DNA mechanical properties play a critical role in every aspect of DNA-dependent biological processes. Recently a high throughput assay named loop-seq has been developed to quantify the intrinsic bendability of a massive number of DNA fragments simultaneously. Using the loop-seq data, we develop a software tool, DNAcycP, based on a deep-learning approach for intrinsic DNA cyclizability prediction. We demonstrate DNAcycP predicts intrinsic DNA cyclizability with high fidelity compared to the experimental data. Using an independent dataset from in vitro selection for enrichment of loopable sequences, we further verified the predicted cyclizability score, termed C-score, can well distinguish DNA fragments with different loopability. We applied DNAcycP to multiple species and compared the C-scores with available high-resolution chemical nucleosome maps. Our analyses showed that both yeast and mouse genomes share a conserved feature of high DNA bendability spanning nucleosome dyads. Additionally, we extended our analysis to transcription factor binding sites and surprisingly found that the cyclizability is substantially elevated at CTCF binding sites in the mouse genome. We further demonstrate this distinct mechanical property is conserved across mammalian species and is inherent to CTCF binding DNA motif.

References

  1. BMC Bioinformatics. 2017 Dec 1;18(Suppl 13):478 [PMID: 29219068]

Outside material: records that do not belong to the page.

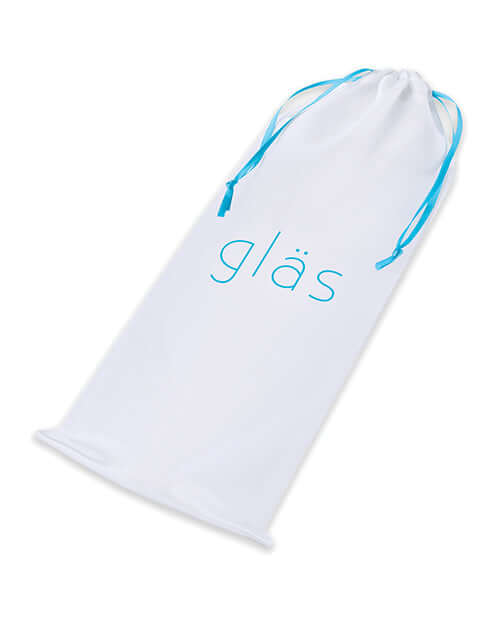Glas 8 inch Mr Swirly Glass Dildo Red storage pouch with drawstring and logo design.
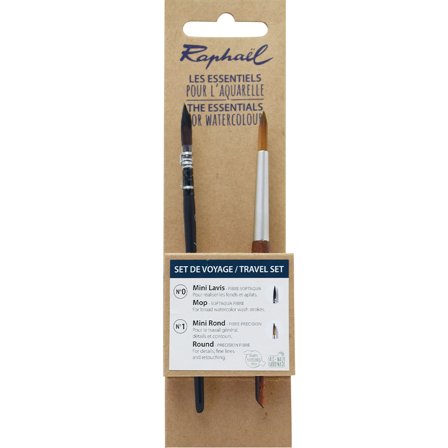 Raphaël Pinceaux synthétiques Aquarelle Travel set lot de 2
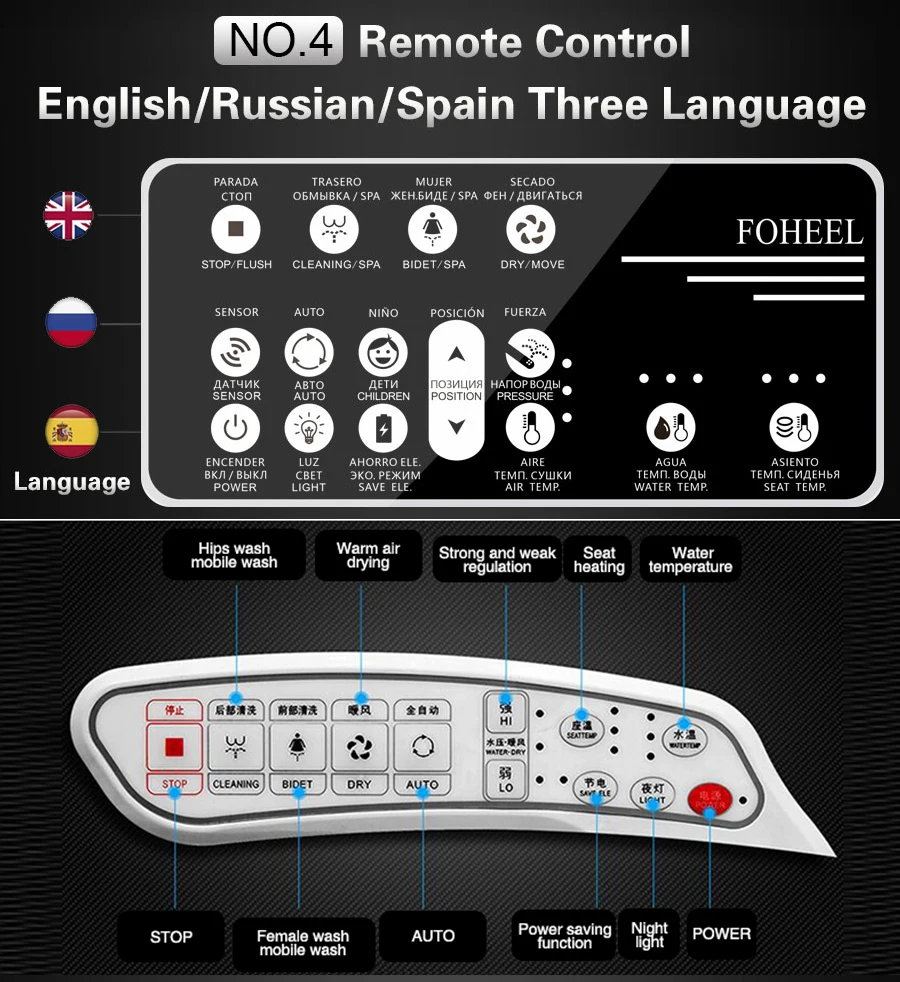 FOHEEL, Новое Детское умное сиденье для унитаза с подогревом, сиденье для унитаза, электронное биде, умное сиденье для унитаза, светодиодный светильник, пульт дистанционного управления, крышка для унитаза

  2. Nucleic Acids Res. 2012 Apr;40(7):2862-8 [PMID: 22156372]
  3. Nucleic Acids Res. 2016 Jun 20;44(11):e107 [PMID: 27084946]
  4. Nucleic Acids Res. 2011 Nov 1;39(20):8740-51 [PMID: 21775342]
  5. Mol Cell. 2004 May 7;14(3):355-62 [PMID: 15125838]
  6. Cell. 2008 Jun 13;133(6):1106-17 [PMID: 18555785]
  7. Nat Rev Genet. 2020 Jan;21(1):5-26 [PMID: 31636414]
  8. Proc Natl Acad Sci U S A. 1998 Sep 15;95(19):11163-8 [PMID: 9736707]
  9. Nature. 2012 Jun 28;486(7404):496-501 [PMID: 22722846]
  10. Biophys J. 2019 Dec 3;117(11):2217-2227 [PMID: 31521330]
  11. Bioessays. 1993 Jan;15(1):25-32 [PMID: 8466473]
  12. Proc Natl Acad Sci U S A. 2010 Aug 31;107(35):15421-6 [PMID: 20702767]
  13. Curr Opin Struct Biol. 2020 Oct;64:42-50 [PMID: 32615513]
  14. Genome Res. 2020 Dec 18;: [PMID: 33355297]
  15. Proc Natl Acad Sci U S A. 1981 Aug;78(8):4833-7 [PMID: 6272277]
  16. Nucleic Acids Res. 2018 Jun 20;46(11):e69 [PMID: 29617928]
  17. BMC Bioinformatics. 2018 Nov 20;19(Suppl 14):418 [PMID: 30453896]
  18. Cell. 2016 Dec 1;167(6):1555-1570.e15 [PMID: 27889238]
  19. Biopolymers. 2015 Jun;103(6):303-20 [PMID: 25620396]
  20. BMC Genomics. 2013 Jun 10;14:391 [PMID: 23758892]
  21. Nature. 1986 May 22-28;321(6068):449-50 [PMID: 3713816]
  22. Sensors (Basel). 2020 Dec 08;20(24): [PMID: 33302459]
  23. Nature. 2021 Jan;589(7842):462-467 [PMID: 33328628]
  24. Nucleic Acids Res. 1995 Jun 25;23(12):2083-91 [PMID: 7610037]
  25. Oncogene. 1994 Feb;9(2):463-8 [PMID: 8290258]
  26. J Mol Biol. 2021 Mar 19;433(6):166861 [PMID: 33539885]
  27. Electrophoresis. 1993 Aug;14(8):732-46 [PMID: 8404817]
  28. Nat Rev Mol Cell Biol. 2021 Jul;22(7):445-464 [PMID: 33767413]
  29. Methods. 2019 Aug 15;166:40-47 [PMID: 30922998]
  30. Adv Exp Med Biol. 2018;1092:11-39 [PMID: 30368746]
  31. J Mol Biol. 1983 Nov 15;170(4):957-81 [PMID: 6315955]
  32. Nucleic Acids Res. 2012 Sep;40(16):7728-38 [PMID: 22718983]
  33. Bioinformatics. 2018 May 15;34(10):1705-1712 [PMID: 29329398]
  34. Biophys J. 2012 May 2;102(9):2140-8 [PMID: 22824278]
  35. Nucleic Acids Res. 2021 Nov 18;49(20):11459-11475 [PMID: 34718725]
  36. Nature. 1986 Apr 10-16;320(6062):501-6 [PMID: 3960133]
  37. BMC Genomics. 2018 Dec 31;19(Suppl 10):905 [PMID: 30598079]
  38. Nat Rev Genet. 2019 Jul;20(7):389-403 [PMID: 30971806]
  39. J Mol Biol. 1991 May 20;219(2):217-30 [PMID: 1645411]
  40. Genome Res. 2018 May;28(5):739-750 [PMID: 29588361]
  41. Nucleic Acids Res. 2020 Jul 27;48(13):7099-7118 [PMID: 32558887]
  42. Proc Natl Acad Sci U S A. 1986 Feb;83(4):862-6 [PMID: 3456570]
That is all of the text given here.